We filtered low-quality sites in parental and born-child genomes (see above) and multiallelic sites and sites corresponding to a Mendelian error in the sequence data from each family to form a set of ‘high-confidence sites’ that were used to assess coverage and accuracy. We compared predicted embryo genotype calls (derived from reconstruction) with variants called by sequencing of the born child’s DNA.

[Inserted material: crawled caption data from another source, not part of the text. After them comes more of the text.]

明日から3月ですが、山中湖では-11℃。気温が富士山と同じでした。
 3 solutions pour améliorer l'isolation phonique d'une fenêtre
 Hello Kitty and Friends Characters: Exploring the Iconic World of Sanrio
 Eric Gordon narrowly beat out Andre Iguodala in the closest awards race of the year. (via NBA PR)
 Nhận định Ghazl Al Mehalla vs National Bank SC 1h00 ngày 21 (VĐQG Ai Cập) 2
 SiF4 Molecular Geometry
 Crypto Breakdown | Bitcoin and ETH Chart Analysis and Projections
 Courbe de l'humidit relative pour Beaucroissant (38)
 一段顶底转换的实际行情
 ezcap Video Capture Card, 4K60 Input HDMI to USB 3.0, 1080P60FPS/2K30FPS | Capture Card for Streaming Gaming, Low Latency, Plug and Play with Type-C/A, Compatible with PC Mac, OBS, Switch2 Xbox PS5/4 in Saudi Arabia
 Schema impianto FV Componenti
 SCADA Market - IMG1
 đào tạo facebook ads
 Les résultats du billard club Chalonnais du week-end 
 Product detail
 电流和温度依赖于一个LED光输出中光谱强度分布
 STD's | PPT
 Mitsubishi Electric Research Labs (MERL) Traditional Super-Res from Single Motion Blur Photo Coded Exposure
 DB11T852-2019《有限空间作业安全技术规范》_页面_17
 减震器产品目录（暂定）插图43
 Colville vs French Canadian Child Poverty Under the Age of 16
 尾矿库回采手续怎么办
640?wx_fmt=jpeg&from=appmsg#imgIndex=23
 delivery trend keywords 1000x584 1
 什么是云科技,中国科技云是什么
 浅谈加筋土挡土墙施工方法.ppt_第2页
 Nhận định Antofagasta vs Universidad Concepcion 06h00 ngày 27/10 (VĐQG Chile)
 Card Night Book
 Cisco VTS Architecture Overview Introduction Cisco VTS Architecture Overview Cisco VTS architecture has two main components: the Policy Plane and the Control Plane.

We annotated high-confidence sites with population allele frequencies from the gnomAD v2.1 dataset, which is composed of approximately 15,000 whole genomes and 125,000 exomes derived from seven populations (African, Latino, Ashkenazi Jewish, East Asian, European, South Asian and other). Variants with an allele frequency <0.1% or not present in the gnomAD database were considered rare.

Polygenic risk models

UKB population

To validate each model independently from the original publication of the PRS, we used genetic and disease information from the ~500,000 individuals in the UKB cohort. For model validation purposes, we separated participants into four groups by self-reported ancestry (field code 21,000; White, Black, East Asian (Chinese) or South Asian) and computed model performance and PRS effect size separately for each group.

Phenotype definitions

We used a combination of ICD-9 and ICD-10 codes, self-reported diseases and procedure codes to define each phenotype of interest. A detailed description for all phenotypes is in Supplemental Table 2.

Polygenic models

We prioritized previously published polygenic models for each condition of interest which have been tested on at least 1,000 individuals from a broad population (Supplemental Table 4). To validate each model independently from the original publication, we used genetic and disease information from the ~500,000 individuals in the UKB cohort. Variants in the published models that did not have genotype data in the UKB were excluded. Effect sizes (log-transformed ORs) for the remaining variants were taken from the original publication (summarized in Supplemental Table 4). PRSs were calculated as a weighted sum of disease-associated genotypes.

PRS effect size

We computed PRS for each individual in the UKB and standardized the score as discussed below. We computed an OR per standard deviation of the risk score using a logistic regression that includes the normalized PRS, age and sex (for breast cancer, prostate cancer and coronary artery disease). We used a variety of metrics, including area under the curve and ORs per decile to evaluate the performance of each model. Models that passed internal quality of area under the curve ≥0.6, increase in OR per PRS decile and an OR ≥ 2 between top and bottom PRS deciles were used in this study. Model performance across deciles can be seen in Extended Data Fig. 3.

Centering and standardization

To standardize and center PRS to a distribution with approximately zero mean and unit variance, we modified the approach described in Khera et al.²¹. First, we computed principal components (PCs) for individuals in the UKB by projecting their genotypes onto PCs calculated on individuals in the 1000 Genomes Project. We next centered the PRS by subtracting out the PRS value predicted from a linear regression of PRS against the first four PC scores in control individuals (i.e., individuals without the phenotype of interest). This centered PRS was then divided by the standard deviation of the 1000 Genomes Project population most closely related to each individual. Normalized and centered PRSs across multiple ancestries can be seen in Extended Data Fig. 9. PRS scoring in individuals with Ashkenazi Jewish ancestry involved a modified centering process discussed in Supplemental Note 4.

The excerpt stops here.